PRESMEDIA.ID, Jakarta – Komisi Yudisial (KY), periksa majelis hakim Pengadilan Negeri (PN) Surabaya terkait vonis bebas terdakwa GRT dalam kasus pembunuhan yang terdaftar dalam perkara nomor 454/Pid.B/2024/PN Sby.
Pemeriksaan dilakukan terhadap Hakim P oleh KY di Pengadilan Tinggi Surabaya, Jawa Timur, pada Senin (19/8/2024).
Menurut Anggota KY sekaligus Juru Bicara KY, Mukti Fajar Nur Dewata, pemeriksaan ini dilakukan secara tertutup sebagai bagian dari hak jawab atas dugaan pelanggaran Kode Etik dan Pedoman Perilaku Hakim (KEPPH) yang dilaporkan oleh pihak pelapor.
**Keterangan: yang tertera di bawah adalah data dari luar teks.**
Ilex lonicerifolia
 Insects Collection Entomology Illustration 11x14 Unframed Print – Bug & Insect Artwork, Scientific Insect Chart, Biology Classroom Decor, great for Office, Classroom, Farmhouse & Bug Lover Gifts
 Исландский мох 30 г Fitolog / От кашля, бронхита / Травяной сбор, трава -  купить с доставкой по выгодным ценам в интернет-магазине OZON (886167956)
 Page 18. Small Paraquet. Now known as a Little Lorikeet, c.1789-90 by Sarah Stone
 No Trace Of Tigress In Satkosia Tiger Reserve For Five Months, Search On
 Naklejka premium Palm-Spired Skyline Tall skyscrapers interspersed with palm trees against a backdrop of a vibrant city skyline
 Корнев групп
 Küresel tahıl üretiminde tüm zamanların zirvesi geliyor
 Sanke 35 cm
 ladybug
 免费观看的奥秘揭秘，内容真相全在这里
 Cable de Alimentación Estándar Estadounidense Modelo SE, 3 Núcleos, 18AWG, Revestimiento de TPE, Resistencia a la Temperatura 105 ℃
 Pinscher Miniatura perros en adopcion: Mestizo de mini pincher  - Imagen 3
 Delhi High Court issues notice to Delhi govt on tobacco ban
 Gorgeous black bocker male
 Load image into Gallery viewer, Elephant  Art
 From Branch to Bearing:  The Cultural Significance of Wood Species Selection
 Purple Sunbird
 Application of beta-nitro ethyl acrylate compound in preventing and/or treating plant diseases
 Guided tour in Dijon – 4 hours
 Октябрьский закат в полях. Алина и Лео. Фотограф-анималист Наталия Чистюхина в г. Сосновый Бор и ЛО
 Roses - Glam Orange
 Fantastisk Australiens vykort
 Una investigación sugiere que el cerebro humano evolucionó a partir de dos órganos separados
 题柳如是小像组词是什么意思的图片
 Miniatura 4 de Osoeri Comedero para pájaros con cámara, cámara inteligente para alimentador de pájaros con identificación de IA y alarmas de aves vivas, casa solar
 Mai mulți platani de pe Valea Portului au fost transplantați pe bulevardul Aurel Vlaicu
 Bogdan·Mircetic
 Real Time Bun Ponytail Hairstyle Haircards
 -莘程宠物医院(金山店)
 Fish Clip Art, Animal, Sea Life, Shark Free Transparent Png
Mukti Fajar menjelaskan bahwa materi pemeriksaan tidak bisa diungkapkan kepada publik karena hanya digunakan untuk kepentingan pemeriksaan etik.
“Pemeriksaan ini bertujuan untuk menentukan apakah ada dugaan pelanggaran etik dan perilaku hakim,” ujarnya dalam keterangan tertulis yang diterima InfoPublik, Selasa (20/8/2024).
Sebelumnya, KY menerima laporan dugaan pelanggaran KEPPH dari kuasa hukum dan keluarga korban DSA, serta aktivis dan politisi Rieke Diah Pitaloka pada Senin (29/7/2024) di Gedung KY, Jakarta.
Laporan tersebut memicu investigasi lebih lanjut untuk memastikan integritas dan profesionalisme putusan yang telah dikeluarkan.
Mukti Fajar juga menambahkan bahwa informasi lebih lanjut akan disampaikan setelah proses pemeriksaan selesai. “Segala informasi yang diperlukan akan kami update lebih lanjut,” pungkasnya.